If people can steal from luggage, they can also drop something into it. If you absolutely, positively must do evil in the air, you just apply for a low-wage unskilled job at the airport and do it as an insider.
Don't they also use screening by looking at passengers? Don't know about USA but in my country there's usually a few security people just looking at the people who go through the security check. I suppose they are trained to see nervous people behaving oddly and so forth.
The videos are short on details, and I'm a little sceptical. A lot of it seems to involve removing Lithium from Lion batteries. I'm told that can be done with wire cutters, but I don't think you can buy those inside the sterile zone.
> Funnier thing is mall securities, you can't bring a small knife into mall but you can buy a chainsaw
Can you fuel up (or charge up) a chainsaw in a mall? How dangerous is a chainsaw when it can't be turned on?
And that's assuming small knives really are banned from malls. Do they really care if you have a pocketknife on your belt? Maybe things are different where I live (Montana).
Absolutely nothing, except maybe panicking some passengers. Planes are pressurized, and the exits all open inward. It's not possible for a human being to overcome that force.
The odds of someone EVER actually opening the door mid flight are ridiculous. Plus how many people would stop that from happening once they knew was occurring - I know I'd be one of the first people up and trying to get on top of that person to prevent that from happening - and I know I'm not alone on that thought.
Bruce Schneier is and has been one of the most outspoken critics of the TSA for years. This article isn't going to change any three-letter agency's opinion of him.

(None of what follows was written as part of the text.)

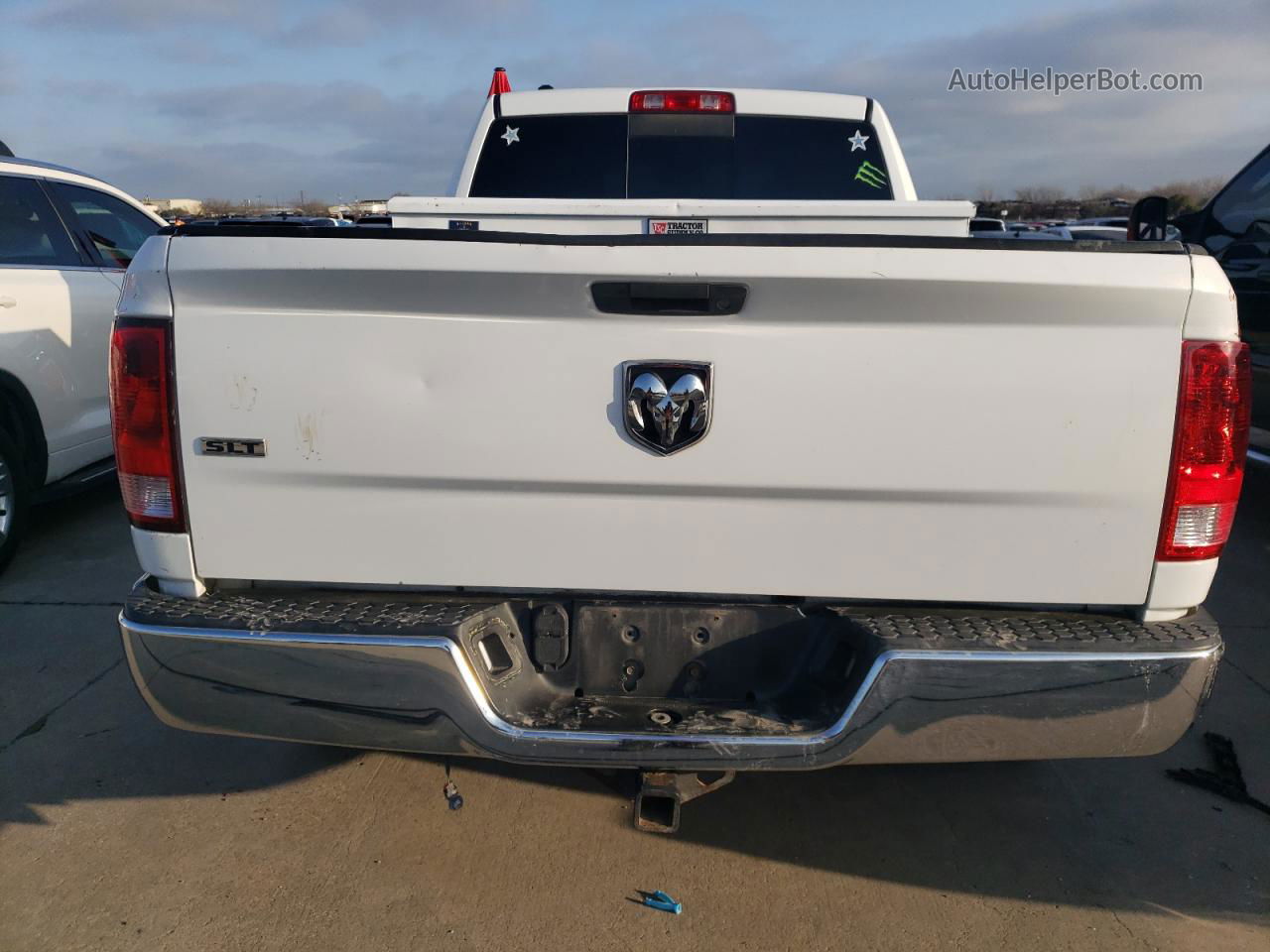 2014 Ram 1500 Slt White vin: 1C6RR6GT1ES286895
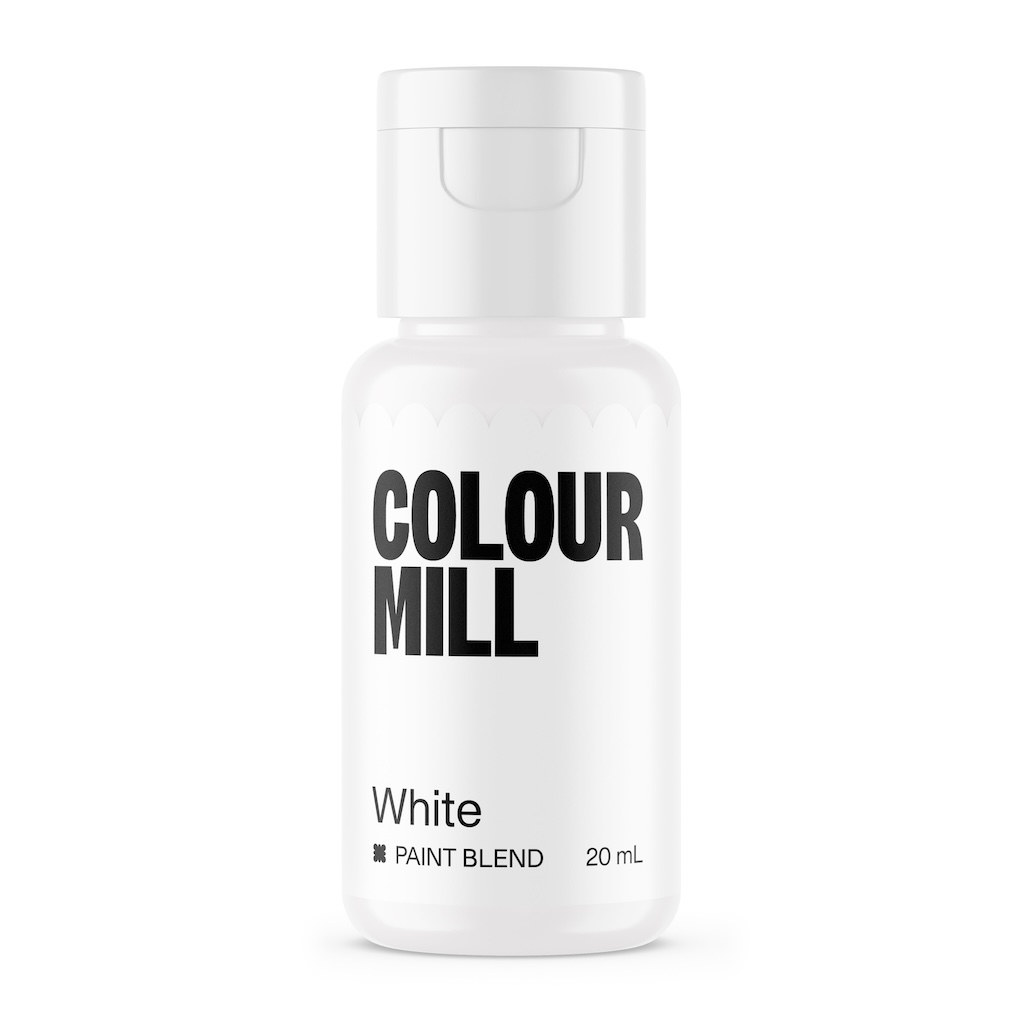 White Matte Paint Blend Colour Mill 20ml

>the answer is simple: airplane terrorism isn't a big risk
It will be a massive wake up call to America (and the rest of the world, too) when Wikileaks publishes the reports of how 9/11 was a victim simulation[0]. Can't wait.
Instead of providing such edgy commentary (what even are Reticulans?), care to explain why they clearly decided to Photoshop pictures of the victims? Why relatives (which have never spoken up) did not supply the media with better pictures other than pixelated 80px by 80px frames? How come if there is more than one picture of a victim, they all look the same? This is are only basic questions you should be able to answer if you think 9/11 is real, I am not even taking into account all the other discrepancies encircling 9/11.
I know, it is very hard to cope with the fact that you got tricked into believing something for years on end and find out that all of it was one big lie - a set up.
It would obviously be tragic and damaging for someone to attack "defenseless" passengers with "traditional" weapons, but -- in my eyes -- it's not terribly different from a random attack in the street or a shopping mall.
Airline personnel and the typical cohort of passengers would simply never let a terrorist take the cockpit, which effectively removes that entire element of danger. The only super-substantial potential damage stems from an explosive of some sort, not a box-cutter, knife, or anything of the sort.
The cost of TSA (direct and indirect through delays, etc.) is immense, and truly does feel like security theater at this point. I'd be all-for doubling down on bomb-sniffing dogs, behavior analysts, and all that; but this apparent focus on "traditional" weapons seems totally asymmetric to the risk it presents.